Project Contributors: Ever and Amy

A Computational Introduction to Robotics, Olin College of Engineering, FA2020

This repository contains code for the computer vision project in which we explored image-based 3D reconstruction from a single camera. Our objective was to be able to get create a 3D reconstruction from two images of the same scene taken from different views.
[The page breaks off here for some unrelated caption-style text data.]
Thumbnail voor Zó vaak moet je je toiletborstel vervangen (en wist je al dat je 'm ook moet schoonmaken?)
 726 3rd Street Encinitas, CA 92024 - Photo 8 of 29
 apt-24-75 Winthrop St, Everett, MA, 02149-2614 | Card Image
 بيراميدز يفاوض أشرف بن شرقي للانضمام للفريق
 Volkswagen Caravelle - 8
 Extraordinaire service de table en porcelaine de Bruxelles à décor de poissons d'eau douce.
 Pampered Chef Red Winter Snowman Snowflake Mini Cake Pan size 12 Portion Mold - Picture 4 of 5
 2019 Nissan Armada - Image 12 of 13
At the conclusion of this project, we were able to get good results on both standard and custom datasets given 2 images taken in uniform lighting.

• OpenCV Following https://docs.opencv.org/master/d7/d9f/tutorial_linux_install.html (we need opencv_contrib for some of the feature detection functions)

# Install minimal prerequisites (Ubuntu 18.04 as reference)
sudo apt update && sudo apt install -y cmake g++ wget unzip
# Download and unpack sources
wget -O opencv.zip https://github.com/opencv/opencv/archive/master.zip
wget -O opencv_contrib.zip https://github.com/opencv/opencv_contrib/archive/master.zip
unzip opencv.zip
unzip opencv_contrib.zip
# Create build directory and switch into it
mkdir -p build && cd build
# Configure
cmake -DOPENCV_ENABLE_NONFREE:BOOL=ON -DOPENCV_EXTRA_MODULES_PATH=../opencv_contrib-master/modules ../opencv-master
# Build
cmake --build .

• rosrun computer_vision image_reconstruction
• Note: Need to change the image path in image_reconstruction.cpp

Our algorithm is based on the implementation proposed in the Structure from Motion chapter in the text Mastering OpenCV. (reference)

1. Detect and compute the keypoints in each image using SURF
2. Match keypoints using K Nearest Neighbors
3. Filter the matches using Lowe’s ratio test
4. Calculate the fundamental and essential matrix between the two sets of keypoints
5. Calculate the transform between the two views
6. Visualize epilines
7. Triangulate the points using the transform to create a point cloud
8. Extract colors for points in point cloud from views
9. Display point cloud in RVIZ

To test our algorithm, we first relied on a dataset which included 11 images of a fountain with a provided camera calibration matrix available from this source (reference)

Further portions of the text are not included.